The mother of a Los Lunas toddler found dead in his crib could be facing charges if found negligent in leaving him in the care of a man with a criminal history.
A 2-year-old Valencia County boy spent nearly his entire life with a foster family, but he was returned to his birth mother a few months ago. Then on Monday, he was found murdered in his mother’s home.
VCSO deputies found Antonio Gurule dead in his crib on Monday. Investigators say he showed obvious signs of severe trauma to his chest and found blood throughout the home.
Not long ago, CYFD decided to give the boy’s birth mother, Barbara Gurule, a second chance.
“There’s a strong push I believe in the system overall, not just in New Mexico but nationwide, that is to find ways to keep families together,” said CYFD Secretary Monique Jacobson.
CYFD says it was still paying visits to the home where the child was found dead, and Gurule had a completed a parental plan in place that they were comfortable with.
Jacobson says each parental plan is different and is dependent on why the child was originally taken from the home.
“It could be things like securing housing to make sure a parent has stable housing. It can be things like anger management classes, parenting classes, substance abuse treatment, as well is usually a part of that plan and substance abuse testing that could be a part of it,” said Jacobson.
Jacobson would not say why Antonio was originally taken from the home.
However, court records show Gurule has a history of drug arrests and was charged with child abuse in 2017 after allegedly exposing a child to meth.
Gurule is not charged with her son’s death. Investigators say she had left him in the care of the man she was living with, Jeffrey Moody.

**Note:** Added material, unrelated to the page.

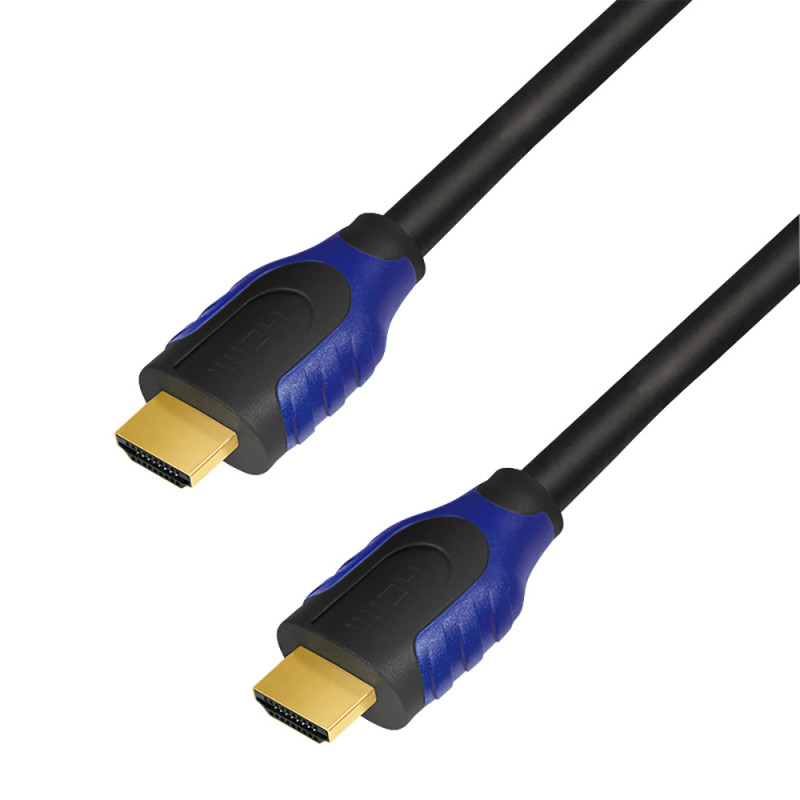 Cabo hdmi 3m 2.0 com ethernet, 4k2k/60hz, preto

In documents, Gurule describes Moody as a ‘father figure’ to Antonio, and says he treated her birth son ‘very good.’
However, court documents show Moody had also been arrested for drug possession and child abuse.
Moody claims the boy had an accident and fell, but doctors say his injuries tell a different story.
KRQE News 13 asked CYFD if household members are part of what’s considered before a child is released.
“That can be tricky because what I’ve learned a lot in this job is that people have very unconventional living situations,” Jacobson said. “But we certainly should be looking at household members.”
Jacobson said they will be reviewing this case, and all the dealings they had with Gurule and the boy to see if any mistakes were made or if anything could have been done differently.
Valencia County Sheriff’s investigators say the case is still being reviewed. It’s possible Gurule could face charges if they find she was negligent in leaving her child with Moody.